Five days in November

IMG_8621

Karma and I have had a falling out. I wouldn’t say things have been going swimmingly recently, but they’ve definitely been better than a dog paddle. I no longer roam through each day in a sleep-deprived fog and I’m able to eat the majority of my meals without feeling like crap. These are definite bonuses, especially when most days involve some kind of battle with a four-year-old reincarnation of Stalin.

This week had an agenda no sleep trainer or elimination diet could have saved. After all, the combination of no child care, -30º weather, and a temporarily absent husband is I believe what you will find in the parenting cookbook under recipe for disaster. Additional ingredients for extra zing include a teething toddler who’s also learning how to walk and a preschooler whose starting position for everything that doesn’t involve TV or chocolate is an ear-piercing NO.

In my naivety, I thought it would be manageable and, potentially, fun. Even the Cheerios tried to warm me. Perhaps an arrow pointing feverishly to the door would have been more effective message of impending doom.

Normally on days when the kids are home, the first mission of the day is to get the hell out of the house. But it’s November and it’s dead-of-winter, snot-freezing cold.

E was not-so-secretly pleased about our inability to venture out of doors. She has developed a strong sense of fashion that doesn’t include her one-piece snow suit. I understand where she’s coming from, but at the same time I don’t need my ear drums pierced every time I suggest a romp in the snow.

After one particularly impressive display that would make Gordon Ramsay look polite, I decided my sanity was worth the exorbitant cost of new snow pants. So we made a deal.

“What should we do if you (lose your shit) at the store?”

“Take away my show.”

Losing TV screws me more than it screws her, but it’s her currency so I had to go with it.

This is (one of the many times) where I feel like an asshole. I set her up to fail. It was late in the day, she was tired after a morning play date, and I was about to take her into a huge store to try on something bulky, hot, and complicated. Brilliant combo.

We left the store with no snow pants and, of course, no Dora on the horizon.

That evening, I realized the dishwasher had been sitting full of clean dishes for three days. I unloaded them onto the counter and crammed an Ikea’s worth of colourful plastic bowls into the machine.

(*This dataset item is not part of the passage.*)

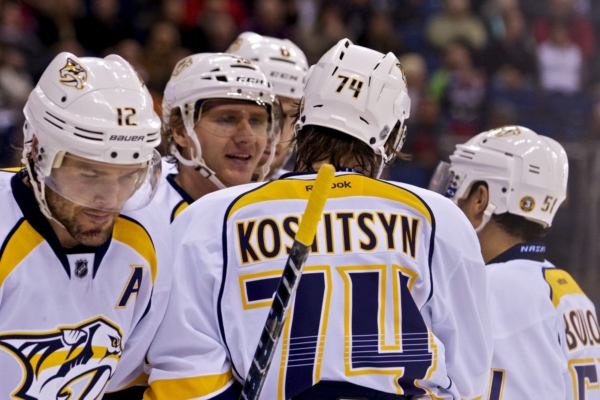 Martin Erat (uprostřed) pomohl Nashvillu porazit Chicago. Martin Erat (uprostřed) pomohl Nashvillu porazit Chicago.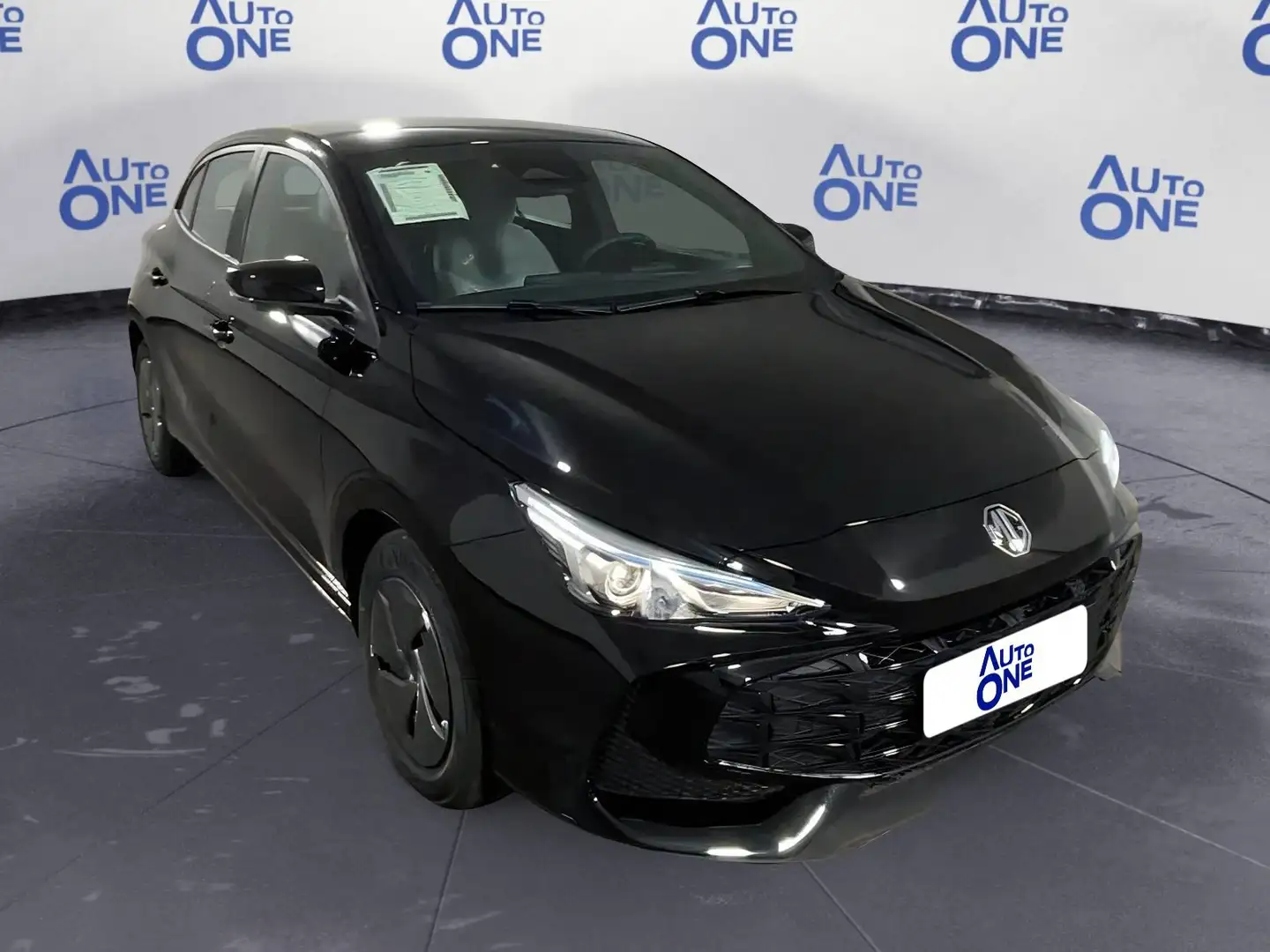 MG MG3 1.5 115CV STANDARD - * Schwarz - 1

Then, I went to the basement to relocate the carpet in anticipation of the cleaning ladies’ arrival the next morning.

Mid-way through sorting toy trains and Frozen costumes, I heard an appliance yelling at me from the kitchen. It was the dishwasher. It quit.

At this point, I guess little man was feeling like he wasn’t pulling his weight in the catastrophe department. About ten minutes after the dishwasher buggered off, he woke up and started a night from hell. He screamed more than he slept and I cursed everything under the sun, including boy’s trips to Phoenix.

Day Five has arrived. Our entire collection of dishes is on the counter in various states of dirtiness, there’s a pork tenderloin in the fridge that’s been waiting to be cooked since Thursday (when I still had hope), and there is no TV again today, thanks to the g.d. snowsuit. I thought I had a decent post-nap peace offering in the form of a muffin and new puzzle, but the muffin went flying for not having enough chocolate chips and there was too much screaming to allow for a new toy.

This is when I start to wonder whether four-year-olds understand consequences.

Now that everyone is asleep (knock wood), I start my evening ritual of second guessing every parenting move I made during their waking hours. I google things like “why is my four-year-old so angry” and read articles that make it sound like I’m damaging both of their psyches. I text my friends for sympathy and pray the kids have good benefits when they’re older.

Luke’s resurfacing is sure to be met with gloriously happy children who will make the incessant texts he received over the past few days look like vacation-killing lies. He will be popular, loved, cuddled, and serenaded with giggles. I, on the other hand, will be the jerk who didn’t want to make waffles because it would have dirtied our last three dishes. At least now there’s someone else around to share the glory of dish pan hands.